Using this code for educational purposes (self-paced or instructor led) without the permission of the author is prohibited.
</PRE>

# Assignment: RNN text generation with your favorite book


## 1. Dataset
- Download your favorite book from https://www.gutenberg.org/
- Combine all sonnets into a single text source.  
- Split into training (80%) and validation (20%).  

In [135]:
import requests

url = "https://www.gutenberg.org/cache/epub/514/pg514.txt"
response = requests.get(url)
text = response.text
len(text)


1047545

In [136]:

split_index = int(0.8 * len(text))
train_text = text[:split_index]
val_text = text[split_index:]

print(f"Training text length: {len(train_text)}")
print(f"Validation text length: {len(val_text)}")

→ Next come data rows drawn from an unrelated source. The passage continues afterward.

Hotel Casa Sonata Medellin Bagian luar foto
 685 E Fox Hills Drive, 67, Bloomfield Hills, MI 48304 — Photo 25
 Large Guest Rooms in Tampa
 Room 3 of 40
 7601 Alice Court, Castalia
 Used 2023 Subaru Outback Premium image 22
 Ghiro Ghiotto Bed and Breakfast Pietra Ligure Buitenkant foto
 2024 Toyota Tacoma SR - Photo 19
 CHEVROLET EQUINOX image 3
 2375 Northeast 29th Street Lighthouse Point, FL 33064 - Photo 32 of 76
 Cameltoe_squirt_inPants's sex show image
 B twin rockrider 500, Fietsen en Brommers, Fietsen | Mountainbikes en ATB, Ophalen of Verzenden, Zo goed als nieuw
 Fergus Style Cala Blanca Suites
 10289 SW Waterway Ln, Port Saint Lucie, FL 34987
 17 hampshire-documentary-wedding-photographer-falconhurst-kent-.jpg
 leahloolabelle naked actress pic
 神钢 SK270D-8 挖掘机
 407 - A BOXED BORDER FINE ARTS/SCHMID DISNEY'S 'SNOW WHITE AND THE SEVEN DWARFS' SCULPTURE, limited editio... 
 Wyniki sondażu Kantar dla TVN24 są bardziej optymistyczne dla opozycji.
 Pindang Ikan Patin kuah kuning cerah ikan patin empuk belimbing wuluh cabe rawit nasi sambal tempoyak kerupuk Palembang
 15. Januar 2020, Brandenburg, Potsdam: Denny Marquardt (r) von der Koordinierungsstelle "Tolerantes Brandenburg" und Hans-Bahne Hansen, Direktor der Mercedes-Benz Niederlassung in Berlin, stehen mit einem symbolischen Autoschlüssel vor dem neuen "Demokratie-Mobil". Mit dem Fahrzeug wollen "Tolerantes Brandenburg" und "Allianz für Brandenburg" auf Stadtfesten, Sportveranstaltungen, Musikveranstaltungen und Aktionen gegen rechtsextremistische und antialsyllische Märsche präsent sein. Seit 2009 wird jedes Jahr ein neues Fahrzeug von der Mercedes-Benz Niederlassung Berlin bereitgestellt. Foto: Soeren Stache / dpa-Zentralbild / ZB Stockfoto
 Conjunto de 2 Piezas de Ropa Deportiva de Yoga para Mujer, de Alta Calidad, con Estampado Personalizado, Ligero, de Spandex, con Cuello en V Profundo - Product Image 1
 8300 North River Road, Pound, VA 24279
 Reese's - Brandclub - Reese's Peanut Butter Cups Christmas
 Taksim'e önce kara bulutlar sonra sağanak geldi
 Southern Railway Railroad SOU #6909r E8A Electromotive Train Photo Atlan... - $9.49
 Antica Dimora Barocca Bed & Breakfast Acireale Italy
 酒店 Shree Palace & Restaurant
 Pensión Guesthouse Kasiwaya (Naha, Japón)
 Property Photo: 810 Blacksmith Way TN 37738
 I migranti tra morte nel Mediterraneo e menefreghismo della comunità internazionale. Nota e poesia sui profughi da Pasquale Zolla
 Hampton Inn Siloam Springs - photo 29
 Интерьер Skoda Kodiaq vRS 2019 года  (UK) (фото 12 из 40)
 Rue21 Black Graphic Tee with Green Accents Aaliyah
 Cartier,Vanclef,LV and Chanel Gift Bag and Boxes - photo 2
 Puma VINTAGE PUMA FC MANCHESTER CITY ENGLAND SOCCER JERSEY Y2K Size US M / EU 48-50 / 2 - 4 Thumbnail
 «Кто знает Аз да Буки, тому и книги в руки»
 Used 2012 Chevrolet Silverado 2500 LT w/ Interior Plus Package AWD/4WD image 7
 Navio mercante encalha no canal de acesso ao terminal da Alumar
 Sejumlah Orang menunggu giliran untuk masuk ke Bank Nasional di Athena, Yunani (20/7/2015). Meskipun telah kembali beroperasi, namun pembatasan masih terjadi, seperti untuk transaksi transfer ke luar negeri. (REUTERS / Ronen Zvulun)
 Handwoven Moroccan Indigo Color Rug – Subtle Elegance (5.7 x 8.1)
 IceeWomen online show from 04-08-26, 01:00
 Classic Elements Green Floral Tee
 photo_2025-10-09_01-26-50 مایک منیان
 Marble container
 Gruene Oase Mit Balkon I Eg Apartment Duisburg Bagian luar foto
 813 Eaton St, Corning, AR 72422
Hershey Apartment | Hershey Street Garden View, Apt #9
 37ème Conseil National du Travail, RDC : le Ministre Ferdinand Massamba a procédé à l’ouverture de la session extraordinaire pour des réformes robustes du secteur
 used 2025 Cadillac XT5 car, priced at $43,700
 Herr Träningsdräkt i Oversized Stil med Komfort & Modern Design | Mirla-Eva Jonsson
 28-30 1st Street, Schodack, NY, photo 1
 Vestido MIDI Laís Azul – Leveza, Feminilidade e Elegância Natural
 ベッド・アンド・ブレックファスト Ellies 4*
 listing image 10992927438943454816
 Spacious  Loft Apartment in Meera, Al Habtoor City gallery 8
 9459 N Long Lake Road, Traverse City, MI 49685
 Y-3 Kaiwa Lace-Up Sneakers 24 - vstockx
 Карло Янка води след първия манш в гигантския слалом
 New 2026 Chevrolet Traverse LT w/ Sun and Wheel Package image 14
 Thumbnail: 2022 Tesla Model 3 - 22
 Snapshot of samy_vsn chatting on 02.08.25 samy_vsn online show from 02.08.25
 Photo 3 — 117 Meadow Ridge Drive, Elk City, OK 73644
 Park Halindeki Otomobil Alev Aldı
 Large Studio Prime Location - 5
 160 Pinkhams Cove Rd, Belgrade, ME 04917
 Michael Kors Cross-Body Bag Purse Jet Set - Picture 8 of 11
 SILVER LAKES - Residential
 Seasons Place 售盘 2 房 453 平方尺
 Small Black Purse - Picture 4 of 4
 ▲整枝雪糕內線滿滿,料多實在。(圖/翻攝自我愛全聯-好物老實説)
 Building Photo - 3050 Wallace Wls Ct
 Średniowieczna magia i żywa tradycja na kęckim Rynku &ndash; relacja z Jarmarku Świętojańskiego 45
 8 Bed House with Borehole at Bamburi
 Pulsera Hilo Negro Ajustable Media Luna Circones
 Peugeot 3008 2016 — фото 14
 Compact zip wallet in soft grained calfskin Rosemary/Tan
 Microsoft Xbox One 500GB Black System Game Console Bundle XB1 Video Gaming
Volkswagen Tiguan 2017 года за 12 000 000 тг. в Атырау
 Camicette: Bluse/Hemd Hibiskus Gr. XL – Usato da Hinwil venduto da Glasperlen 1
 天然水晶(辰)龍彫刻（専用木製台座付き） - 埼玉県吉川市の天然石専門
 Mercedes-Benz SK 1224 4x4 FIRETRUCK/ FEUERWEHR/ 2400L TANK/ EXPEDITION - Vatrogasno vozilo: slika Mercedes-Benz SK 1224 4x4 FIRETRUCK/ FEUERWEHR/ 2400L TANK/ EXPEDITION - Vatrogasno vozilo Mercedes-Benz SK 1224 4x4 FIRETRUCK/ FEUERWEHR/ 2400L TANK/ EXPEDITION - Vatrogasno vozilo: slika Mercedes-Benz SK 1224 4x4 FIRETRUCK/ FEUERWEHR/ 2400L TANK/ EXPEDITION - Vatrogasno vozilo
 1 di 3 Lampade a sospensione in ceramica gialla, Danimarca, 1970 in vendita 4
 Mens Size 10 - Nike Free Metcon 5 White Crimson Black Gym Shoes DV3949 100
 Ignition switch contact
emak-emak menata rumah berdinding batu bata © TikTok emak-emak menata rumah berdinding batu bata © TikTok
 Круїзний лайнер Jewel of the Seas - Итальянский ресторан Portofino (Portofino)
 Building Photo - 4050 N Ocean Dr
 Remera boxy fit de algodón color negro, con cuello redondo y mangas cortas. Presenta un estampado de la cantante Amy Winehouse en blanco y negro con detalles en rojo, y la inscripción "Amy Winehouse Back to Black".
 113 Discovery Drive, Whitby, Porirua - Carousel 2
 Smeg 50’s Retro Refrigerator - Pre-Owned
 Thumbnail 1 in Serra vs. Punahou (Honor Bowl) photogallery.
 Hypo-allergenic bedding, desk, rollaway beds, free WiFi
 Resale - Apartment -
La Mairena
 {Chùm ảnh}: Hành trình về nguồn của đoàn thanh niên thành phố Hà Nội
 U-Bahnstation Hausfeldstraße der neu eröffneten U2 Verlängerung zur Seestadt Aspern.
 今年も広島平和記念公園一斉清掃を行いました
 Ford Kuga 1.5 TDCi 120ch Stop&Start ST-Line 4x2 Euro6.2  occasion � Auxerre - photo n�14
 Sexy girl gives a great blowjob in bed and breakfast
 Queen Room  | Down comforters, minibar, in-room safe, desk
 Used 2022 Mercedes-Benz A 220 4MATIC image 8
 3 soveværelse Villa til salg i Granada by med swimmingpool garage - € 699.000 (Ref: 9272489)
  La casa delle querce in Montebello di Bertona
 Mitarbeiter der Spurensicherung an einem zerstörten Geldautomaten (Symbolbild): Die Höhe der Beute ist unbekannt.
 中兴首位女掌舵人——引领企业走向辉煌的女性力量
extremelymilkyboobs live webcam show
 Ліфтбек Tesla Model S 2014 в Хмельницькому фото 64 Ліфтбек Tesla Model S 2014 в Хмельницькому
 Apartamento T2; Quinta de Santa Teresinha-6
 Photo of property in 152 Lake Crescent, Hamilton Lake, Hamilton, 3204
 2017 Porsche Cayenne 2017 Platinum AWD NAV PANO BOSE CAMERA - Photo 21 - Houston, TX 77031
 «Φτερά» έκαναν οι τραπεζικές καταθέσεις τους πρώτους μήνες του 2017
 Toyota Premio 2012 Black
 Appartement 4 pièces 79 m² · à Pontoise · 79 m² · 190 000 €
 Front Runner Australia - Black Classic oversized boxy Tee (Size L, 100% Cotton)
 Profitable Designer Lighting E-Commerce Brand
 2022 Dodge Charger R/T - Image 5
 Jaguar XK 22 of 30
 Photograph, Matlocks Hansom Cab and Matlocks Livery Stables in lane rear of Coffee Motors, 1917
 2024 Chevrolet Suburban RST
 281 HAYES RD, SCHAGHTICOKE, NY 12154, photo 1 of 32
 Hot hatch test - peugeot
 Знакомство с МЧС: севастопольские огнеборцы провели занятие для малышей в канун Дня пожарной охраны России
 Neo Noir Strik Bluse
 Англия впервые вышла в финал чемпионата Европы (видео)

Training text length: 838036
Validation text length: 209509


## 2. Preprocessing
- Convert text to lowercase.  
- Remove punctuation (except basic sentence delimiters).  
- Tokenize by words or characters (your choice).  
- Build a vocabulary (map each unique word to an integer ID).

In [138]:
import re
import numpy as np
from tensorflow.keras.utils import to_categorical

def preprocess(text):
    text = text.lower()
    text = re.sub(r'[^\wls.!?]', '', text)
    tokens = re.findall(r'\b\w+\b|[.!?]', text)
    return tokens

train_tokens = preprocess(train_text)
val_tokens = preprocess(val_text)
vocab = {word: idx for idx, word in enumerate(sorted(set(train_tokens)))}
vocab_size = len(vocab)

def generate_xy(token_list, vocab, window_size) :
    token_ids = [vocab[token] for token in token_list if token in vocab]
    X = []
    Y = []
    for i in range(len(token_ids) - window_size + 1):
        X.append(token_ids[i: + window_size - 1])
        Y.append(token_ids[i + window_size - 1])
        return np.array(X), np.array(Y)

sequence_length = 6
X_train, Y_train = generate_xy(train_tokens, vocab, sequence_length)
X_val, Y_val = generate_xy(val_tokens, vocab, sequence_length)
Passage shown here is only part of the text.